[Start of section]

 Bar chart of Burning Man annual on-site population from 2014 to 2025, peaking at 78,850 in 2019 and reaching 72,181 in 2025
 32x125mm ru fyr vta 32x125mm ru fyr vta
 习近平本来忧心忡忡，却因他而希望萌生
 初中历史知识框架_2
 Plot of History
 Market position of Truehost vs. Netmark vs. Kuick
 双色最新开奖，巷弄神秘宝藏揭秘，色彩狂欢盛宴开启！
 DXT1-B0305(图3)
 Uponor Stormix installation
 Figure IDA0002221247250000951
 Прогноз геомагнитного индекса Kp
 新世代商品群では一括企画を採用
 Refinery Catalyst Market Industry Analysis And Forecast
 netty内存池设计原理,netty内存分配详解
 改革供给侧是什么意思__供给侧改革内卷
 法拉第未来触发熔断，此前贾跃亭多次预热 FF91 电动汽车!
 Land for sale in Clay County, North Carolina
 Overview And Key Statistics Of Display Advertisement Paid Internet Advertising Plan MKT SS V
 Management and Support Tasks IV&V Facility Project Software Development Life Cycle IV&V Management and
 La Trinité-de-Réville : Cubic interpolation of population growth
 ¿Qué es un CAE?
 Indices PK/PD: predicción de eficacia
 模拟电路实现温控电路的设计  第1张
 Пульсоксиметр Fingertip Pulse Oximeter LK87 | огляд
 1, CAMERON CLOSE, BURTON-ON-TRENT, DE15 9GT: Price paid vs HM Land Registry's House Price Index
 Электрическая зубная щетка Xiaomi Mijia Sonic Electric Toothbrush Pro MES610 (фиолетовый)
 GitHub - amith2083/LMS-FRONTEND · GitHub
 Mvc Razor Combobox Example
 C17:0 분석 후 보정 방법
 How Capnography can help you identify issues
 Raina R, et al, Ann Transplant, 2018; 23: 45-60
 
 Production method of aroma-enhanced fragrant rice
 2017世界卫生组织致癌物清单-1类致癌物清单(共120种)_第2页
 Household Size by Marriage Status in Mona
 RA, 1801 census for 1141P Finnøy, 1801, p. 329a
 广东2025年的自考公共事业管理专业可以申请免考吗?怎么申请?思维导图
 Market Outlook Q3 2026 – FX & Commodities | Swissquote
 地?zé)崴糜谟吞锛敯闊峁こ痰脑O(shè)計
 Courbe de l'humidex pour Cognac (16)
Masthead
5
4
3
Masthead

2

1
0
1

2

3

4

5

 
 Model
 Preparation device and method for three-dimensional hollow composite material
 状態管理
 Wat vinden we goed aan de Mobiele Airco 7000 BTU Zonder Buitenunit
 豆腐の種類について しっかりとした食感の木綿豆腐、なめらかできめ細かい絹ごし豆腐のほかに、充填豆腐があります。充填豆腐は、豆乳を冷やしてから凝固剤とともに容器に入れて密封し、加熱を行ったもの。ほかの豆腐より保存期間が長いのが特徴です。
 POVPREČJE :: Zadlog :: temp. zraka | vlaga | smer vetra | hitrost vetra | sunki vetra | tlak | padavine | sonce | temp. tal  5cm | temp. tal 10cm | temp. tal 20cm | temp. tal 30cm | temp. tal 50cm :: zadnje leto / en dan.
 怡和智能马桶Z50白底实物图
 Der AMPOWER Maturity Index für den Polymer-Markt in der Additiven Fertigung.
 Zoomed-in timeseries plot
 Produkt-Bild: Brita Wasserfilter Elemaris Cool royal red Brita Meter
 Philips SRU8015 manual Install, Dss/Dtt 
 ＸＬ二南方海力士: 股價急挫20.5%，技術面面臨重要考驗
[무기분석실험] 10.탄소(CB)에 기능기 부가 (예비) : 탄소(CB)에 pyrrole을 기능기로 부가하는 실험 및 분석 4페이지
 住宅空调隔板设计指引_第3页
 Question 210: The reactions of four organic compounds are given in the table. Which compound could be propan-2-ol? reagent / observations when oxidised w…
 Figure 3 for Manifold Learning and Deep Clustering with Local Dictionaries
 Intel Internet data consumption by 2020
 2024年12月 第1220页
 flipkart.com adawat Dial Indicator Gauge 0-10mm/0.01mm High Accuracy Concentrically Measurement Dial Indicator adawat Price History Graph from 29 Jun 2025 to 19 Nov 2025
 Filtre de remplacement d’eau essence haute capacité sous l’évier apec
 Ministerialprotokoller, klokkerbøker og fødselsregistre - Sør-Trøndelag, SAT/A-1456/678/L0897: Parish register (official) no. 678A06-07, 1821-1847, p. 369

[End of section]

= WHAT TO WORK ON =
Each line from the top of the entries above through the line containing "Market position of" must be transcribed exactly, and no other line may appear.

= OUTPUT OF THE EXERCISE =
 Bar chart of Burning Man annual on-site population from 2014 to 2025, peaking at 78,850 in 2019 and reaching 72,181 in 2025
 32x125mm ru fyr vta 32x125mm ru fyr vta
 习近平本来忧心忡忡，却因他而希望萌生
 初中历史知识框架_2
 Plot of History
 Market position of Truehost vs. Netmark vs. Kuick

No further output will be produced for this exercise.